Citation
Park, E., Song, K., Kim, W. H., Song, W., Kang, M. S. “Extending Blockchain Untraceability with Plausible Deniability.” arXiv:2605.13132v1 [cs.CR] (May 13, 2026). KAIST.
What’s Novel
Traditional untraceability schemes (mixers, privacy coins) hide the sender ↔ receiver link by placing the transfer in an anonymity set — but the transfer event itself remains visible and can be flagged forensically (a Tornado Cash deposit is itself a signal, even if the recipient is unknown).
DCAT (Deniable Covert Asset Transfer) asks a stronger question: can the transfer event itself be made indistinguishable from routine DeFi activity?
Core Mechanism
Stage a common loss-producing event between two colluding addresses:
- Sender: creates a transaction that exposes value to extraction (sandwiched victim, arbitragable price imbalance).

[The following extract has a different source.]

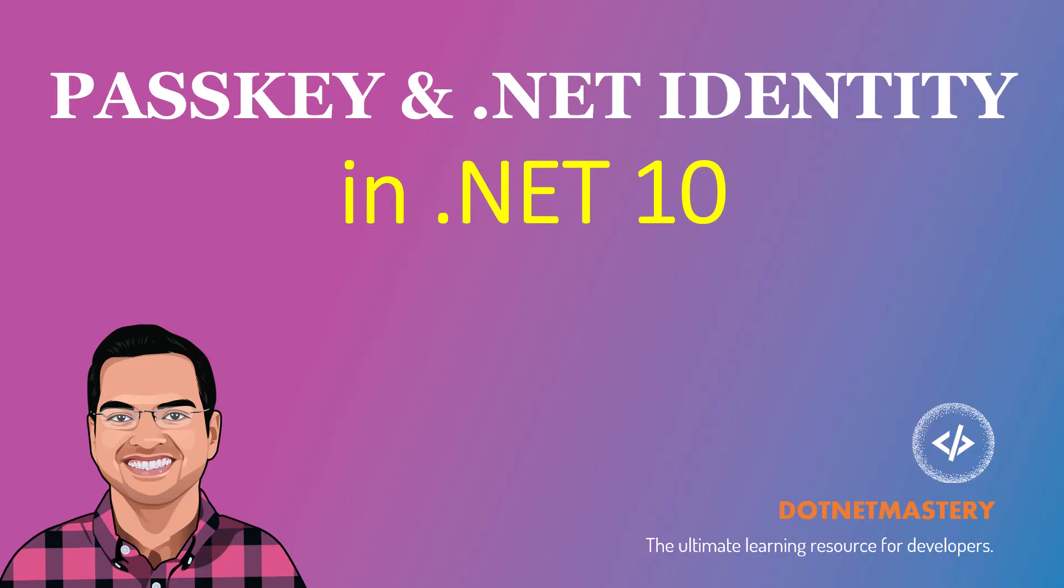Welcome to this short video on passkey and .NET Identity in .NET 10. If you've been using user ID and password for your websites, you might have seen places where you can sign in using passkey. Passkeys represent the future of secure passwordless authentication using biometrics, device pins, or security keys to provide a seamless and phishing-resistant login experience.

- Receiver: captures the induced loss through a transaction pattern that matches routine MEV activity.
Result: the value moves from sender to receiver, but the observable transaction sequence resembles a common market event (sandwich, arbitrage, liquidation), not an explicit asset transfer.
Two Concrete Instantiations
| Instantiation | Chain | Mechanism |
|---|---|---|
| Sandwich-based DCAT | Ethereum | Sender places a swap with high slippage tolerance; receiver runs a sandwich bot that captures the loss |
| Arbitrage-based DCAT | Arbitrum | Sender creates a price imbalance on a DEX pair; receiver arbs it back |
Both validated empirically: syntactically identical to ordinary MEV activity, classified as ordinary extraction by standard MEV detection tools, sender/receiver unlinked under representative forensic tools.
The Forensic Counter-Question
If syntax can’t separate DCAT from real MEV, can economic semantics help? The authors test this empirically:
- Large-scale study of MEV losses across Ethereum and Arbitrum.
- Key features (loss size, victim repeat-rate, etc.) exhibit power-law characteristics.
- Extreme losses + repeatedly exploited addresses occur in the wild — they are NOT, by themselves, definitive evidence of collusion.
- ⟹ Plausible deniability holds. Fixed-threshold detection produces too many false positives.
Forensic Triage Method
Even if DCAT can’t be definitively detected, suspicious cases can be prioritized for manual investigation. The paper develops a multivariate statistical method that ranks incidents by the joint rarity of their economic footprint. Applied to real-world DeFi data, it surfaces three example “suspicious cases” worthy of deeper investigation.
Background-Activity Volume That Enables DCAT
Quoted from the paper (citing Heimbach et al.): on Ethereum Jan 2023 – Dec 2024:
- 1,209,139 sandwich events
- 1,295,829 arbitrage events
- (+ similar empirical scale on Arbitrum)
This volume of background MEV activity is what makes DCAT possible — a few extra “staged” sandwiches blend trivially.
Implications
For privacy advocates
- Adds a new dimension of privacy beyond sender/receiver unlinkability — event unobservability.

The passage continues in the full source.